Tot en met de uitreiking van de Gouden Kalveren op 5 oktober entert de Cultuurpiraat (Raymond Taams) elke dag een cultureel veld in Utrecht.

Dinsdag 25 september

Het is al donker en lekker koud buiten als de Cultuurpiraat op pad gaat. Zijn zwarte winterjas draagt hij nonchalant over een smoezelig t-shirt. Hij moet nodig naar de kapper en heeft een baard van een dag of acht. Tevreden zijn zwerversuiterlijk bekijkend in de spiegeling van het bushokje, krijgt hij zin in wodka op ijskoude winternachten. De volgende morgen een gebakken ei tegen de kater. En lezen, veel lezen. Sartre, Houellebecq, en andere ontspoorde geesten.

Van dat gevoel is een uur later weinig over. De warmbloedige atmosfeer in TivoliVredenburg is er de oorzaak van. Selda Bağcan, een legendarische Turkse zangeres, treedt op in het kader van het literatuurfestival. Voor het eerst ziet de Cultuurpiraat vrouwen met een hoofddoek op de uitklapbare stoelen van de tribune in de Grote Zaal. Maar goed, hij zag hier onder andere de Pet Shop Boys, dus dat kan ook aan zijn eigen muzieksmaak liggen.

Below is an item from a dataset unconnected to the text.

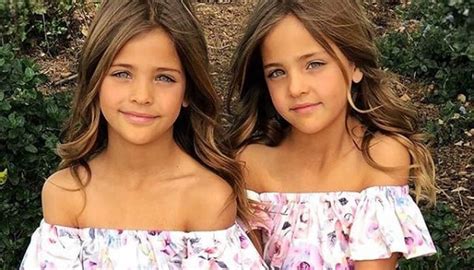 these twins were named “most beautiful in the world ” wait till you see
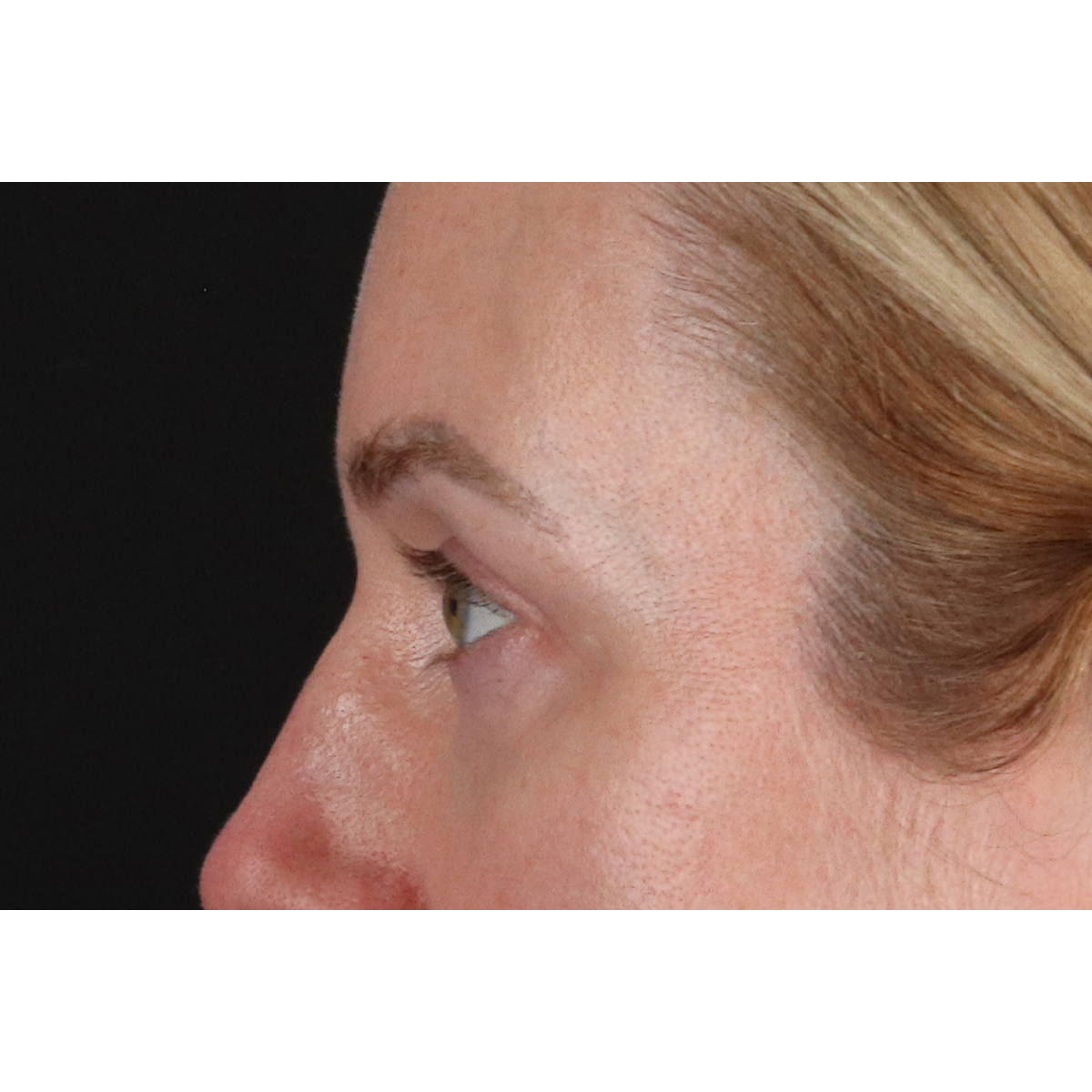 Eyelid Surgery Before & After Patient #3800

Selda Bağcan treedt op in wat van veraf een groene legerjas lijkt. Maar de mouwen zijn afgewerkt met een bloemenmotief, net als haar wijd vallende broek van dunne stof. Soms roept ze de titel van een nummer en gaat de zaal al bij voorbaat uit zijn dak. Jongere bezoekers staan voor het podium, vrolijk bier drinkend en filmend met hun telefoon.

Bij de garderobe, na afloop, wappert een puffende dame van middelbare leeftijd een waaier - ook alweer met mediterraan bloemenmotief - voor haar gezicht. Morgen maar weer gewoon rode wijn zuipen bij een of andere depressieve dichter, denkt de Cultuurpiraat. En dan gedrenkt in melancholie naar huis wandelen, met van die wolkjes als je uitademt en je voetstappen weerkaatsend in een koude, stille straat.